第二百五十章 钱镠——海塘石与射潮弓
凝聚心神,将衡玉璧的“共鸣安抚”与“澄明本源”之力结合,清光不再仅仅针对浊气,而是轻柔地覆盖整个展板,并向其注入一种客观、全面、充满理解同情的意念:

    “在五代十国的大乱世中,中原等地战乱频仍,人口流离,田地荒芜。而吴越国在钱氏治下,能保持相对稳定,人口得以自然增长,荒地得以开垦,这本身就是巨大的成就。这增长背后,是有效的社会治理、水利建设保障农业、相对轻的徭役(至少相比同时代许多政权)以及发展贸易的结果。这不是完美的乌托邦,但在那个时代,已是难得的安宁之地。
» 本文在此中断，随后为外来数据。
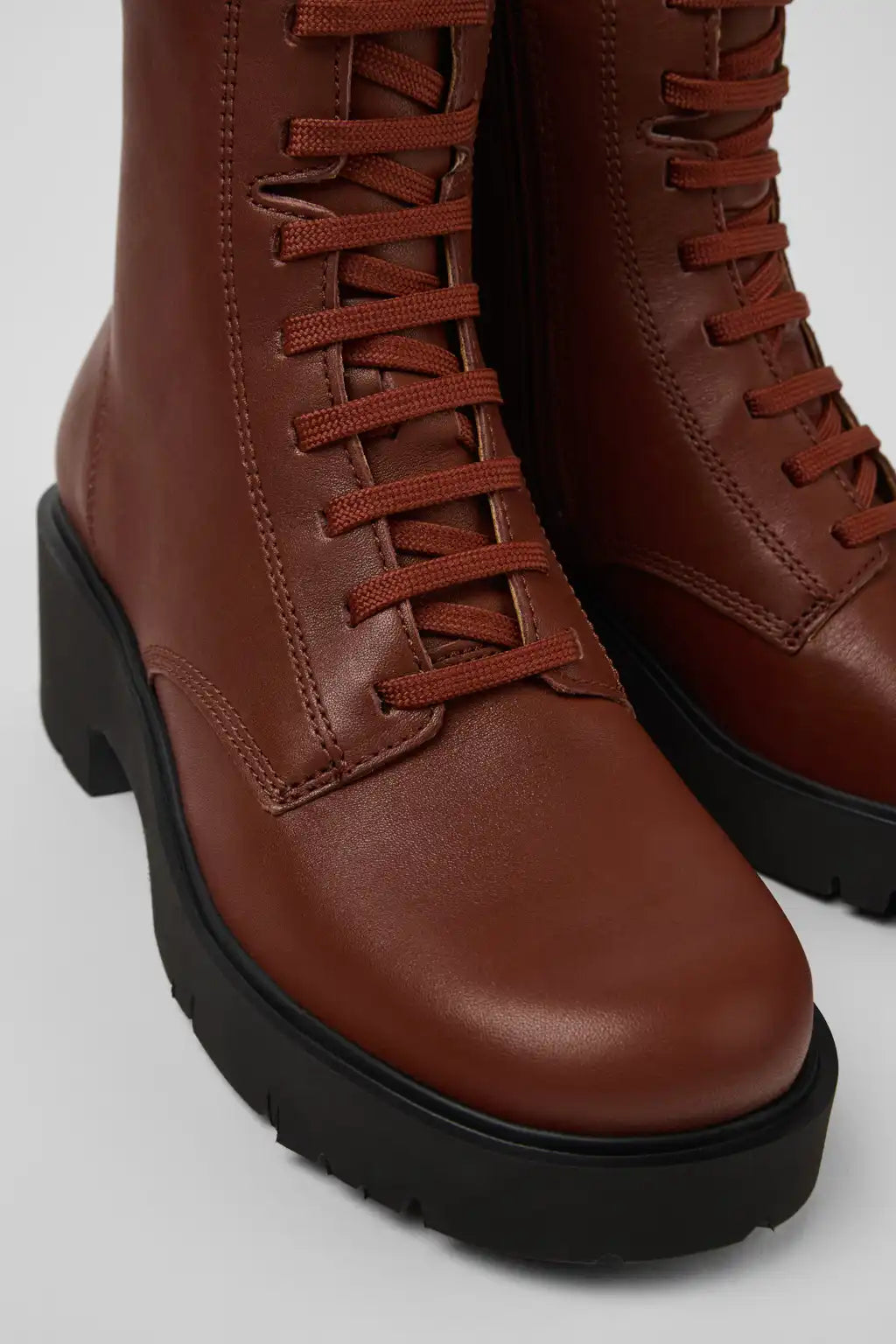 Milah Black Leather Ankle Boots for Women.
后世承其遗泽,继续发展,正是文明传承的常态。苛责古人没有达到现代标准,或者因其政权终被统一而否定其治绩,并非公允的历史态度。”

    温馨的意念平和而充满力量,如同清泉洗涤尘垢。那试图扭曲解读的浊气,在这股客观而充满历史同情心的清光涤荡下,开始松动、消散。展板本身承载的正面信息(人口增长、垦田扩大)被凸显出来。
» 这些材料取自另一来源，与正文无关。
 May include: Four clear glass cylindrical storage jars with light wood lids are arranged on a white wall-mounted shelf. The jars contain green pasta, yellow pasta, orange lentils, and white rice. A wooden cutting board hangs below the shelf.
    就在此时,温馨感到一股雄浑而复杂、带着赞许与感慨的意念,轻轻触动了她的心弦。是钱镠的灵韵!在古海塘那边与李宁沟通的同时,其部分感知也通过文脉的微弱联系,感受到了这边发生的一切。

    “女郎为某直言,明某心迹,某心甚慰。”钱镠那沉厚的声音在温馨心中响起,少了几分帝王的威严,多了几分坦诚,“治吴越数十载,宵衣旰食,不敢或忘。兴水利,劝农桑,通商贾,固然为固本强兵,然若百姓不得实惠,税赋从何而来?兵丁从何而募?某非圣贤,自有私心,然‘使民得安’四字,确为某施政之圭臬。后世论者,或褒或贬,皆有其理。然能见当时百姓稍得喘息,某心已足。至于纳土……天下大势,分久必合。能以和平之法,使两浙生灵免遭兵劫,保全某一生心血所创之基业不至于毁于战火,某……无悔也。多谢女郎,助吾于此青史陈列之地,得聆后世公允之音。”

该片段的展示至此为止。